NORMAN, OK (KWTV)- The U.S. Department of Education has contacted the University of Oklahoma about a lapse in cyber security within the university's internal system—a possible precursor to a federal investigation into whether OU broke a set of federal laws.
"The U.S. Department of Education takes allegations of privacy and data security violations very seriously," Liz Hill, press secretary at the U.S. Department of Education said. "The office of Federal Student Aid has contacted the university to further assess the institution's compliance with its data security safeguard requirements according to the Gramm-Leach-Bliley Act (GLBA). FSA also is reviewing the institution's obligation to immediately self-report any suspected or actual breach of the confidentiality, integrity, or availability of data."
OU's internal file sharing system, the Microsoft Office 360 program "Delve," disclosed personal information, including financial aid and visa statuses, grades and social security numbers of nearly 30,000 students dating back to 2002.
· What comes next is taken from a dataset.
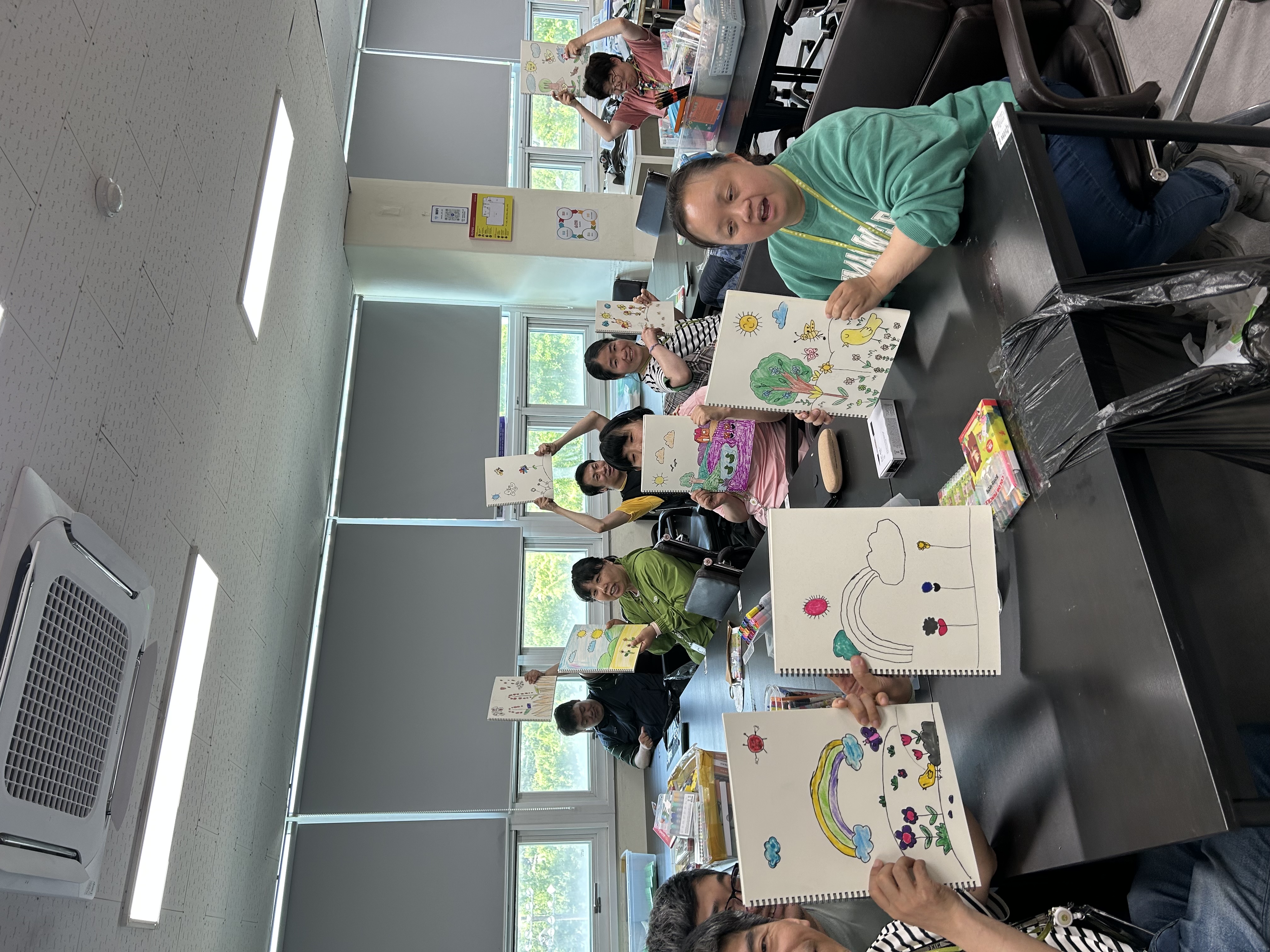 5월 15일 미술 동아리#나비#날개를 스팡클로 꾸미기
"Some sensitive files were inadvertently made accessible to OU account holders due to a misunderstanding of privacy settings," OU's Vice President for Enrollment and Student Financial Services, Matt Hamilton said. "No unauthorized party accessed any of the files…"
Student personal information is protected under the federal Family Educational Rights and Privacy Act (FERPA) as well as the GLBA. A breach in those laws could result in loss of certain kinds federal funding for OU.
"We have not sent out an email. Rather, we issued a public statement explaining that the situation had been resolved," OU Senior Associate Vice President for Public Affairs, Rowdy Gilbert said in an email. So far, the school has not notified students via an internal message.